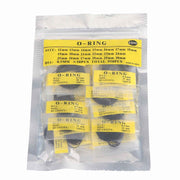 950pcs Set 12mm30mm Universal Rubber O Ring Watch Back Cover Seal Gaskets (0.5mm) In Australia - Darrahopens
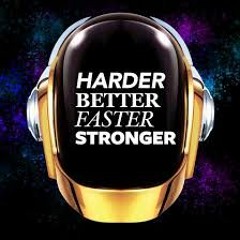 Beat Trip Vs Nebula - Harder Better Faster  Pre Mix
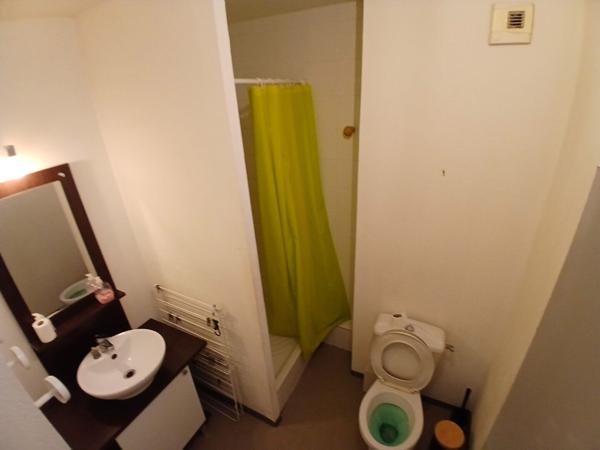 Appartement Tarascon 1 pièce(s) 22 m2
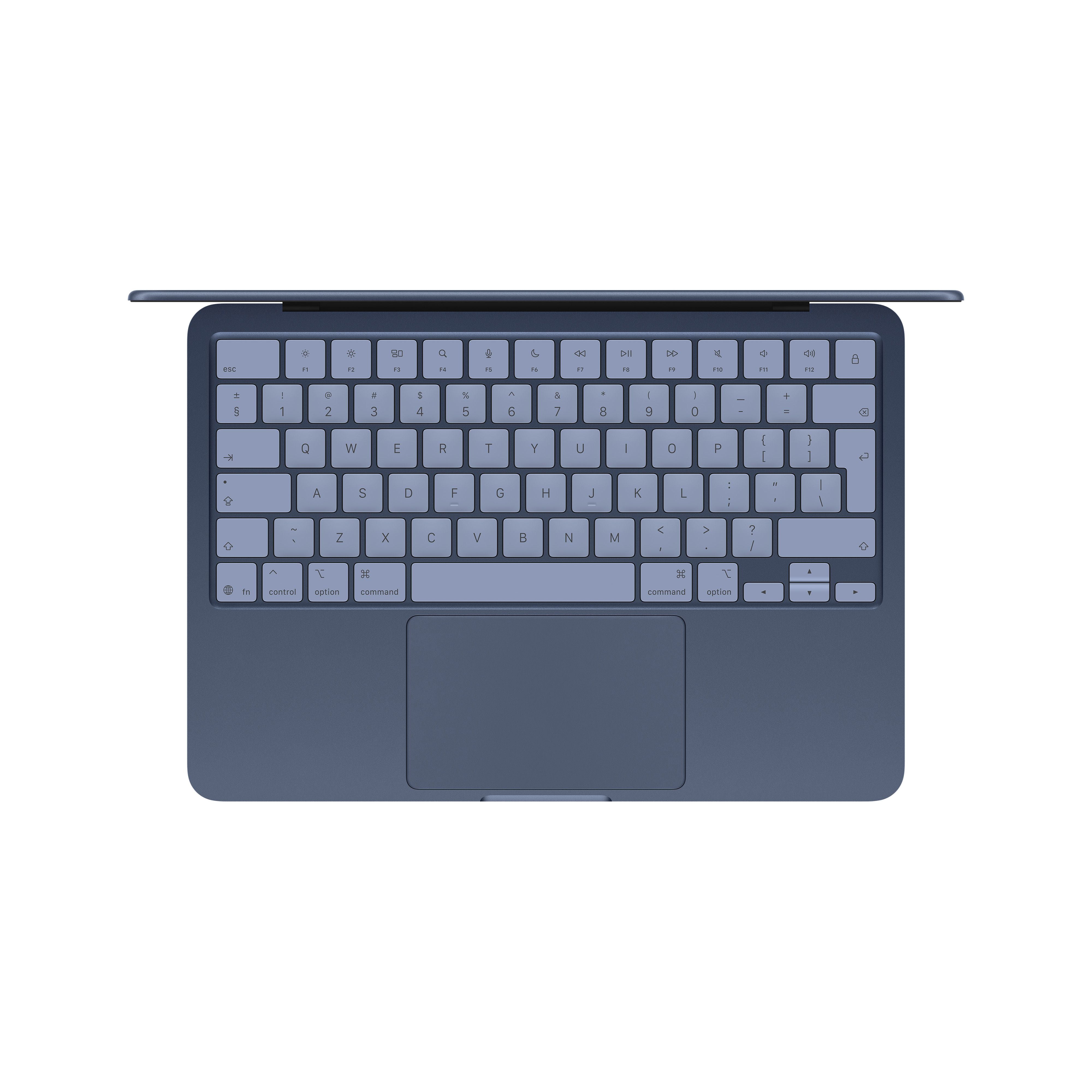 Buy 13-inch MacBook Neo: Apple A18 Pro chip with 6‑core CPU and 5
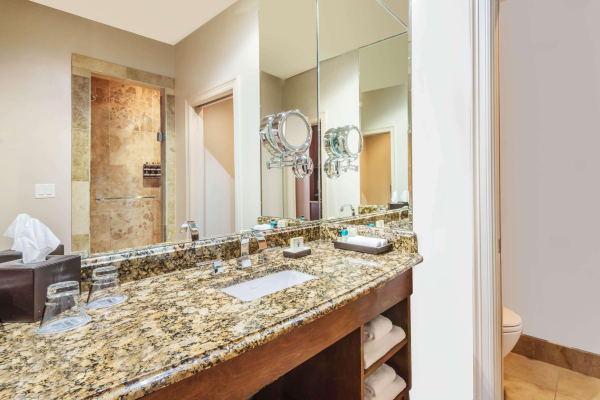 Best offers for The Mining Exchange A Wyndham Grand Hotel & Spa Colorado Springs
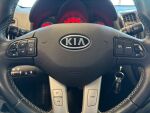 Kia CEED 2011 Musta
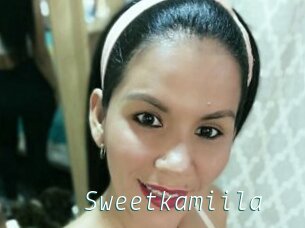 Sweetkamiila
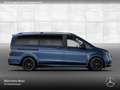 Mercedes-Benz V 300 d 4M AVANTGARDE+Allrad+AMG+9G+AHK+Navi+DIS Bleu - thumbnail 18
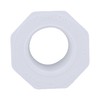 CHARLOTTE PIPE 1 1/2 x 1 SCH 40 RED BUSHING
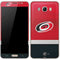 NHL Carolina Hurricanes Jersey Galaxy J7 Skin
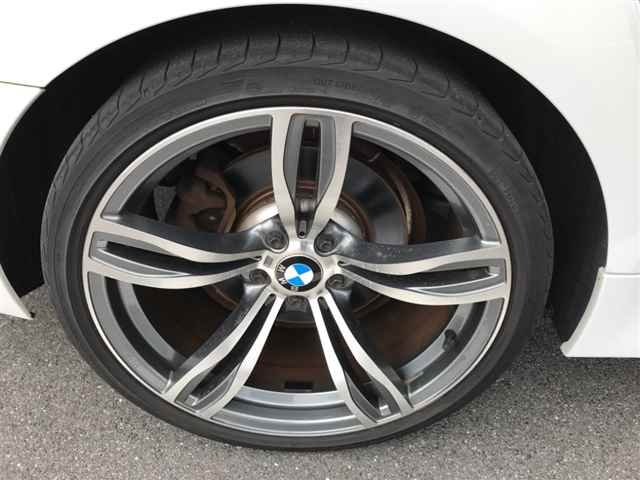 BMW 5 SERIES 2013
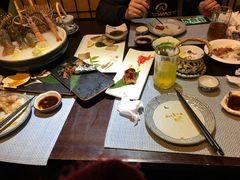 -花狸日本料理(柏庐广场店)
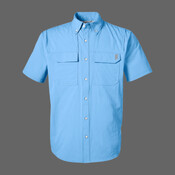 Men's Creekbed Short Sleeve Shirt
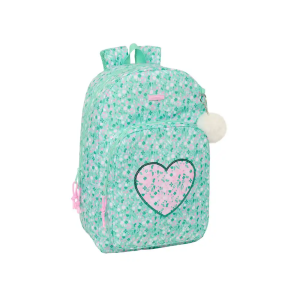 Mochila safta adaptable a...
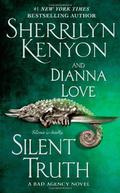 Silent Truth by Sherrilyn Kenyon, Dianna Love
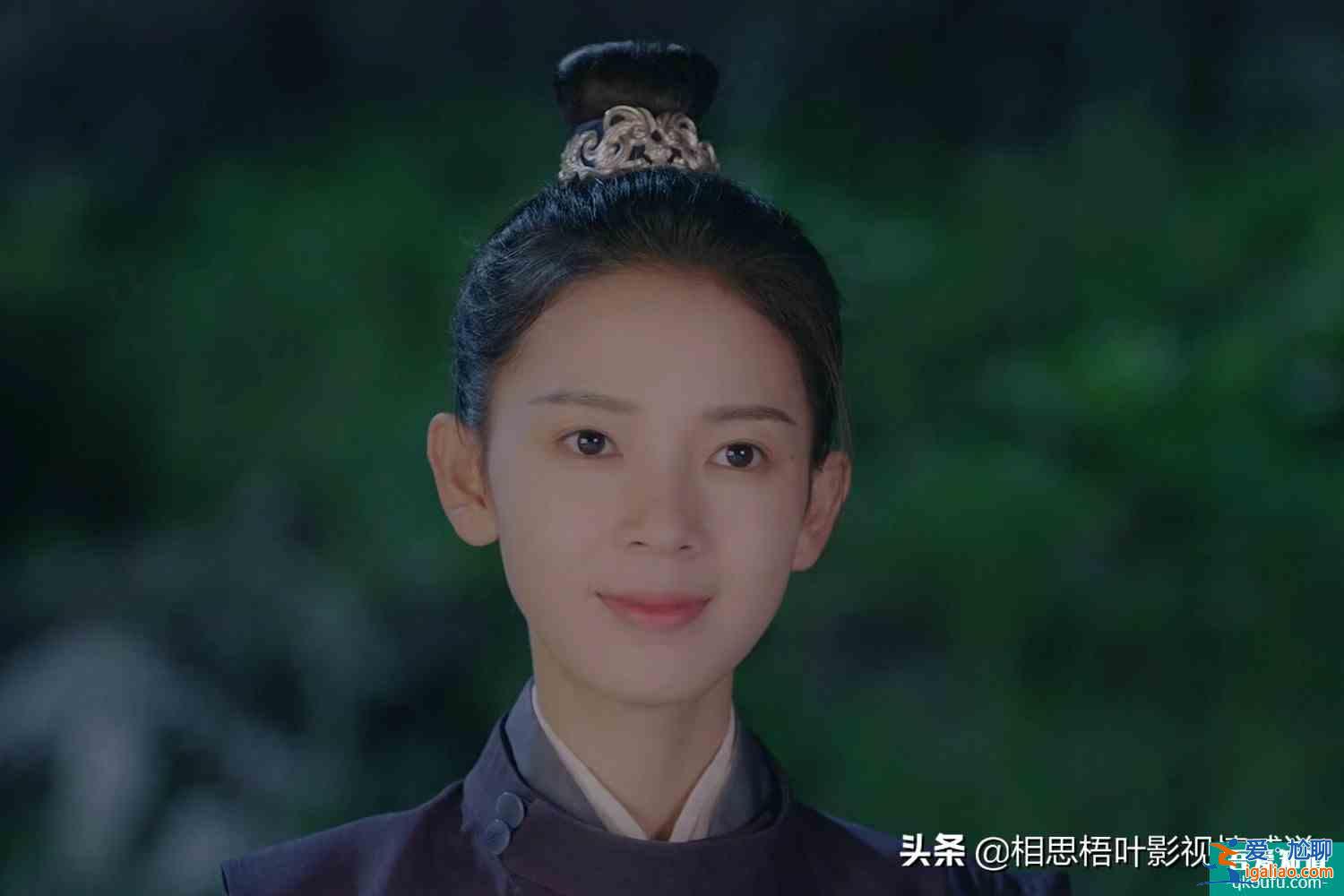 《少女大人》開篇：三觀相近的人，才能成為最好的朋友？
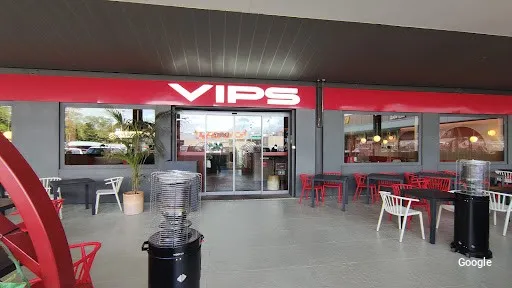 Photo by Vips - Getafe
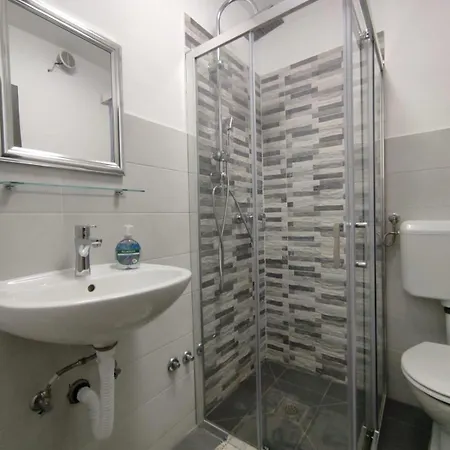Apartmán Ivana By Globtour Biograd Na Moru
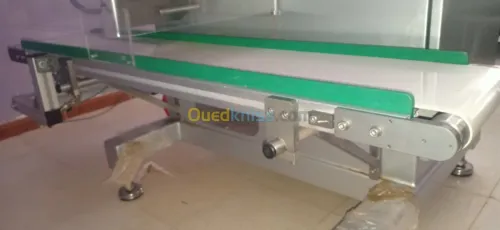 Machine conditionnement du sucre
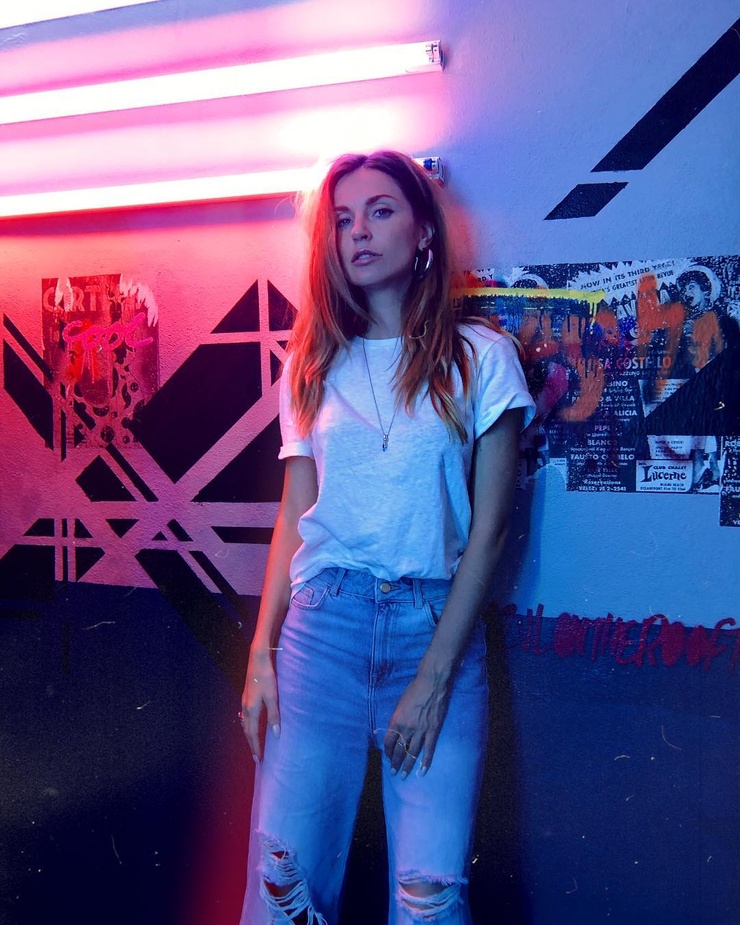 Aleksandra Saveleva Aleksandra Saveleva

*****

▶ _Your instructions_:
Set down the records in full and exactly. Do not carry over any image.

▶ _Task result_:
 950pcs Set 12mm30mm Universal Rubber O Ring Watch Back Cover Seal Gaskets (0.5mm) In Australia - Darrahopens
 Beat Trip Vs Nebula - Harder Better Faster  Pre Mix
 Appartement Tarascon 1 pièce(s) 22 m2
 Buy 13-inch MacBook Neo: Apple A18 Pro chip with 6‑core CPU and 5
 Best offers for The Mining Exchange A Wyndham Grand Hotel & Spa Colorado Springs
 Kia CEED 2011 Musta
 Sweetkamiila
 Mercedes-Benz V 300 d 4M AVANTGARDE+Allrad+AMG+9G+AHK+Navi+DIS Bleu - thumbnail 18
 CHARLOTTE PIPE 1 1/2 x 1 SCH 40 RED BUSHING
 NHL Carolina Hurricanes Jersey Galaxy J7 Skin
 BMW 5 SERIES 2013
 -花狸日本料理(柏庐广场店)
 Men's Creekbed Short Sleeve Shirt
 Mochila safta adaptable a...
 Silent Truth by Sherrilyn Kenyon, Dianna Love
 《少女大人》開篇：三觀相近的人，才能成為最好的朋友？
 Photo by Vips - Getafe
Apartmán Ivana By Globtour Biograd Na Moru
 Machine conditionnement du sucre
 Aleksandra Saveleva Aleksandra Saveleva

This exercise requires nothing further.